Along with his tremendously crafted and insightful stories are brief sidebars of valuable information and also prayers that cover a range of relevant topics pertaining to the subject matter as well.

As for Kooman’s style, it’s really striking. It’s accessible but always profound. He speaks truthfully and from the heart, and there is always a consistent pointing to hope as well. What can we do – even here on the other side of the world – to make something of a difference? Kooman’s writing is challenging but not overbearing – the reader is touched for sure, but also moved to help in some way.

He’s also quick to point out that it’s by no means a singular effort. Kooman is a true collaborator, adding he worked with an incredible team in Malaysia.

“I think it helps the average reader overcome the hurdle of apathy. I know that for myself, sometimes it can seem like there is a voice that tells us we aren’t expert enough, experienced enough, we don’t care enough or have what it takes to really do anything. We get political, or cynical really quickly or overwhelmed by the enormity of the issue itself.

“So what I love about this book and these stories and this approach is that it helps us clear that hurdle or the barrier that stops us from doing something. When you hear these human stories, they really resonate with the heart.

“It’s a reminder and a call for people back to compassion. What I also like about this book is that it moves from compassion into action and solid research. It’s a full package.”

He is also experiencing something of a dream come true watching his acclaimed play She Has A Name being transformed into a feature film.

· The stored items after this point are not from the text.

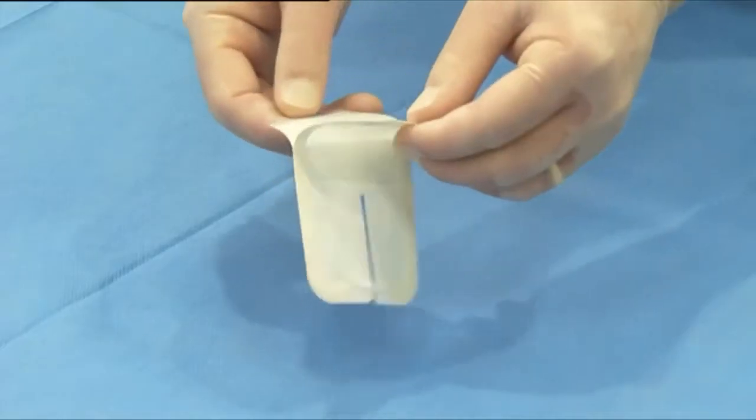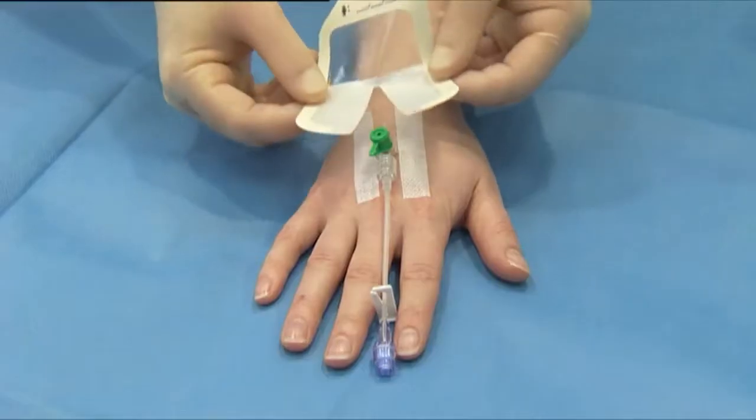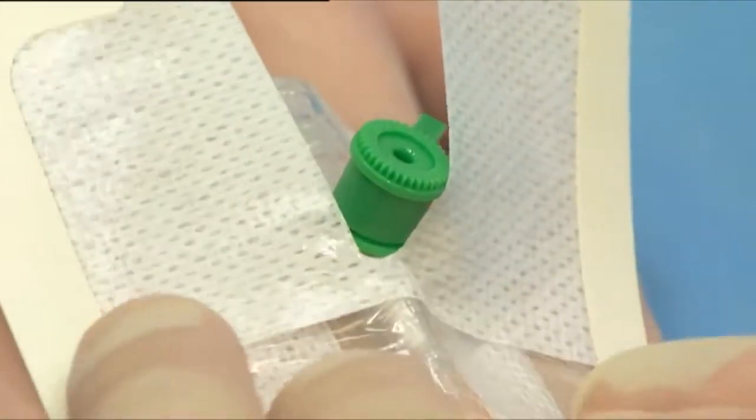Peel the paper liner from the paper frame dressing, exposing the adhesive surface. Place the dressing over the catheter so that the transparent film is over the insertion site.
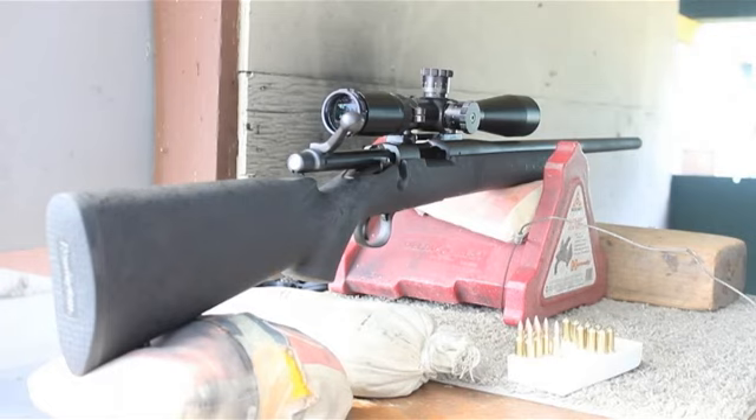We just keep on shooting. We're just fire forming this brass. Performing well — we'll just show you what it looks like.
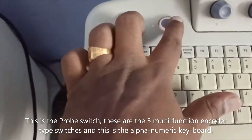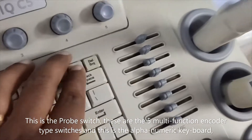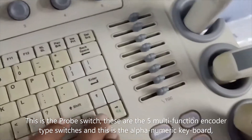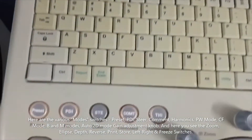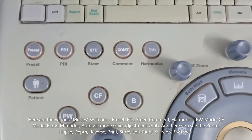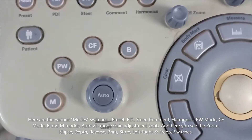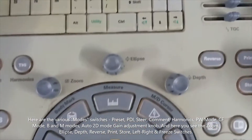This is the probe switch, and these are the five multi-function or encoder-type switches. This is the alphanumeric keyboard. Here you can see the mode switches: presets, PDI, steer, comment, harmonic, patient, PW mode, CF mode, B mode, M mode, auto 2D mode, and the gain adjustment knob.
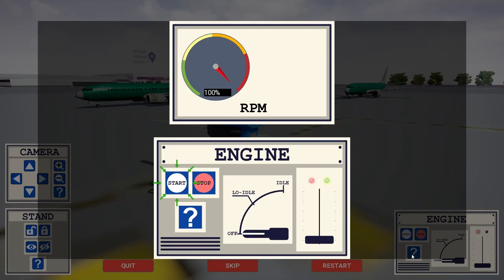The start button is used to initiate the engine startup sequence. The stop button is used to shut down the engine. The switch is used to put the engine in different modes during startup. The throttle is used to control the engine power after startup.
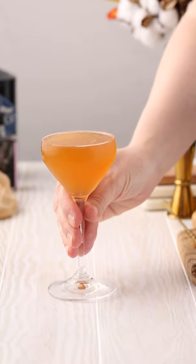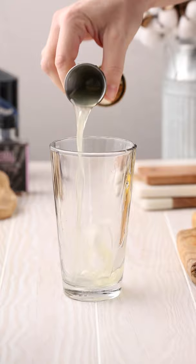Let's make a bee's knees classic cocktail. This drink is super simple to make. Juice your lemon and then add honey, water, gin, and floral bitters to a cocktail shaker.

She Has A Name saw tremendous acclaim during its theatrical run over the past several years and truly struck a chord with international audiences. The play, which is about the battle against human trafficking, provides poignant insight into the issue in South East Asia.

The story is based on an incident in Thailand where a storage container transporting more than 100 people ran out of gas and was simply abandoned.

Ultimately about 50 people lost their lives. That tragedy was a kind of a trigger for the plot. Jason poses as a john to build a case against a brothel trafficking girls into Bangkok. He must win the trust of a young girl forced to work as a prostitute who is known as ‘Number 18’ and convince her to risk her life to testify for the sake of justice. The project is currently in post production.

“Actually we are in festival submission season – we are really excited about the quality of this film. The production value is so high and the performances are incredible. People who know the story will be blown away by the story as a film.”

A wider release of the film is planned for December.

For Kooman, his journey is about balancing the joys of life with knowing there are harsh realities that so many in this world face. “In some ways, I’m not sure it’s a bad thing to be overwhelmed. But I think for me, the good news is that the good news is better than the bad news.

“When good people step in and bring forward justice or do something practical to help individuals who are vulnerable or exploited, the goodness of that is so much greater than the bad.

“I’ve had the privilege of witnessing these stories where there can be such a dramatic turn and people’s circumstances change and it’s simply because others have helped.”